Simplified Closed-Form Method to Large Deflection Stability Analysis of Thin Rectangular Plate

Abstract

At the moment, the analyses of postbuckling behavior of thin rectangular plates of constant thickness are generally based on von Karman’s large deflection equations which make use of stress functions and trigonometric variables. These equations are coupled, nonlinear partial differential equations of fourth order each. Getting a closed-form solution of these equations is near impossible and tedious. The present work presents a simplified closed-form general equation using a variational approach for large deflection analysis. The approach adopted here is devoid of Airy’s stress functions. A new strain-displacement equation is formulated, and the total potential energy equation is minimized.
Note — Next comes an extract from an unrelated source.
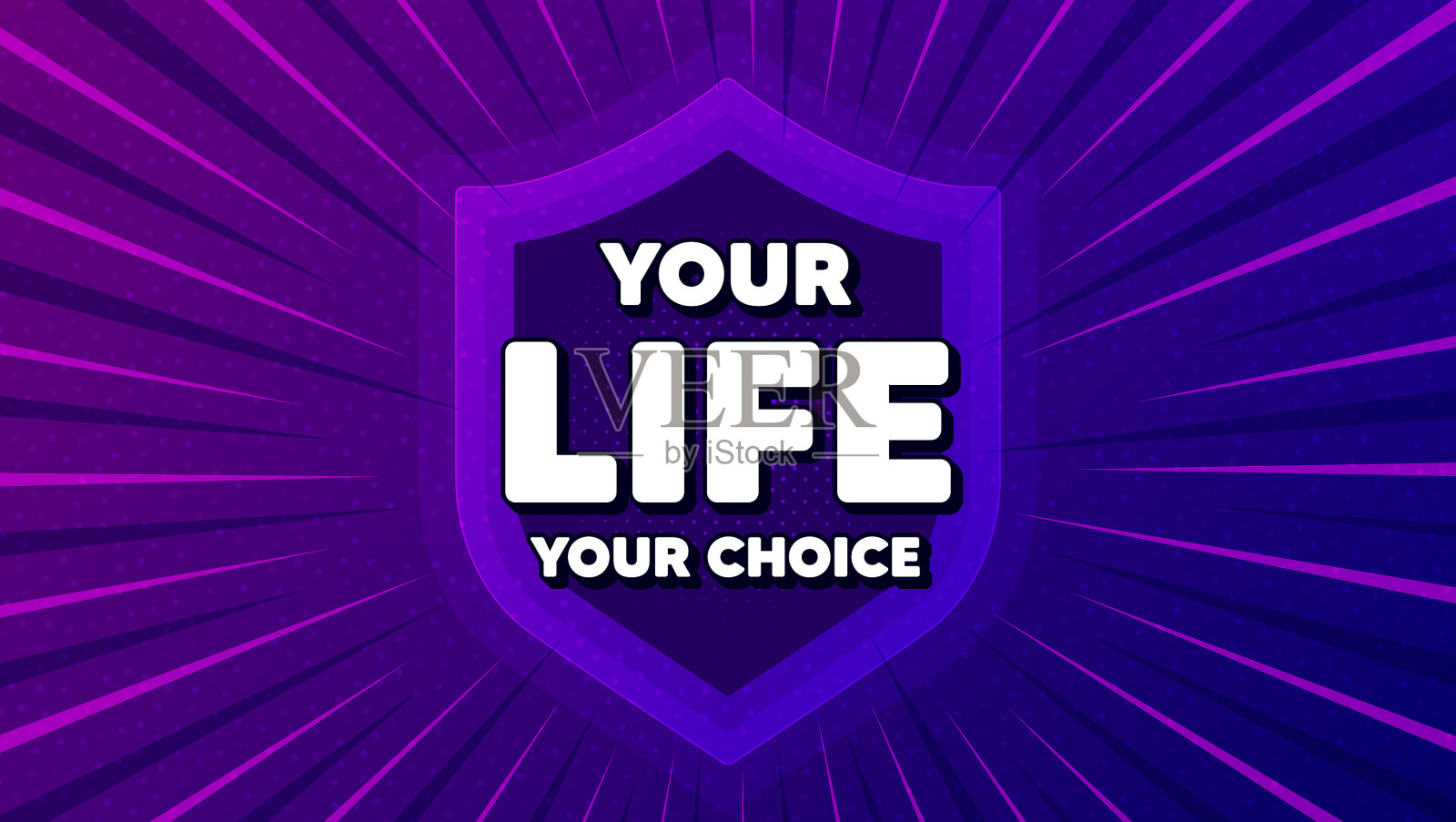 你的生活，你的选择动机插画图片素材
The resulting compatibility equation was solved to obtain the general governing stability equation under large deflection. This governing equation was applied to a plate simply supported all-around using polynomial displacement function and numerical results were obtained. To validate the numerical results obtained, they were compared with the values obtained by Levy whose results are generally acclaimed as exact and with two others. It was observed that the minimum and maximum percentage differences were 0% and 41.56% at stress parameters 3.66 and 21.45 respectively. Also, for deflection to thickness ratio (w/t), the present results showed a close agreement with those of Levy with a minimum and maximum percentage difference of 0.07% and 41.56% at w/t of 0 and 3.376 respectively. Importantly, the present result lies between two other research results. We, therefore, conclude that the present work is adequate and a new simple closed-form approach to understanding and predicting the postbuckling strength of thin rectangular plates.